A recent headline has been making the rounds…
Don’t know / believe / care if our dude is being fully honest about his cultural diet (let’s table any larger AI concerns for now), but in one respect, I feel him:
“I just wanted to sit in a room and do anything I could to understand my own imagination with no dilution… for me it’s just following the progression of my own curiosity. We should also be asking if there is a way to have fun again, is there a way of not knowing the rules and what you’re capable of, is there something that hasn’t been done, is there a sound or an image or a moment to discover. My interest comes from not knowing and feeling like there’s something new to find or create.”
This is the energy I get from Kim Gordon’s music in 2026.
Since they were literal twentysomethings, the chief descriptor for Sonic Youth (and Kim in particular) was eternally cool.
Harmony directed a video for ‘em btw. Starring Kevin McCallister!
I’m looking forward to the Plunderphonics mix of 1995’s “The Diamond Sea” and will be first in line to watch Tamra Davis’ Sundance doc The Best Summer, featuring intimate onstage / backstage footage of the band at that year’s Summersault festival alongside the Beasties, Pavement, Bikini Kill and other ringer tee enthusiasts.
But I am infinitely more excited that at seventy-two (!!!) KG is not cashing in on old vibes but sounding dynamic as ever over Playboy Carti type beats, consistently discovering new ways to be distorted and alive.
New ways!
Up to you if the future will be scary or exciting — it’s allowed to be both — but either way, it is inevitable.
“Time, turning, over and over…”
The animating principle of this Substack is to share Nick favs of every vintage. Rocket Rese’s gabber drill (lol) played immediately after Kim’s “DIRTY TECH” in my Watch Later queue and all I could do was headbang with enthusiasm.

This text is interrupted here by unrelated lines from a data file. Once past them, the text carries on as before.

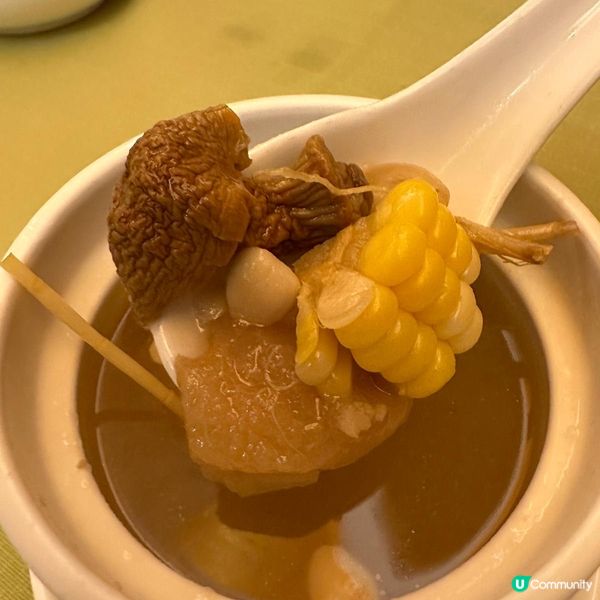 性價比好高嘅素菜🥳👍🏻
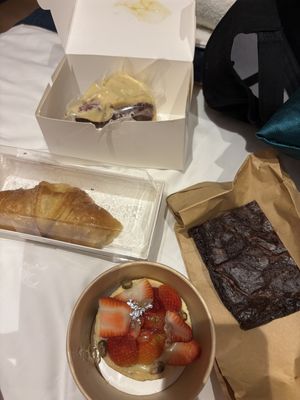   at Vegan House - Bukit Damansara in Kuala Lumpur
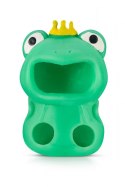 Figurka Strojnisie - Baśniowe Misie - 1pack Żabi Król Figurka Strojnisie - Baśniowe Misie - 1pack Żabi Król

I used to bristle at the concept that your musical taste gets frozen in high school. But after years of losing hair research I have realized it is extremely accurate, and feel lucky that as a teenager all I ever wanted to do was dig voraciously for sounds (and everything else) that felt fresh and exciting to me.

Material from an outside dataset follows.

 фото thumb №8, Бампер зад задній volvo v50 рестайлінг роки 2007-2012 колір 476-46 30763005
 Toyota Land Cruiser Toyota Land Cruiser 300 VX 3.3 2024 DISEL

Aging is a privilege and keeping a young heart is the best way to honor it.
Karri, “Go” + Renz, “Get Loose” — speaking of olds, as a hyphy veteran (all gave some, some went dumb) I enjoy hearing decades-old Bay Area beats updated with an R&B flair. Yes, blend tapes and the Bad Boy / JD / Trackmasters formula have been around forever, I still love ‘em! While we’re here, shout out Jill Scott’s jazzy “What Happened To That Boy” flip, guaranteed to lean ya man (whoa).
MoMA Ready, A Mixtape (nothing but Hot97 reworks, junglist “All For The Love” makes me wanna bench press an Acura Legend)
Knocked Loose ft. Denzel Curry, “Hive Mind” (perfect down to the KoЯn tone)
The Cords, S/T (Scottish jangle!)
Raq Baby, “WDH You Been Doin” (ayy Flawed Mangoes sample)
Chris Crack, Too Late To Start Following The Rules Now (Madlib, Bruiser Wolf, Hudmo, Frank Dorrey, Fooooooool’s Gooooooold)
Neutrino Labs Mini Sonidero — ¡Qué padre! Between this and the Teenage Engineering dancehall box, a banner year for international reverbs.
Interview with DTV action king Jesse V. Johnson (geezer teaser adjacent)
Young Collectors Are Buying Up Chipotle Chairs (guac extra)
Playlists updated!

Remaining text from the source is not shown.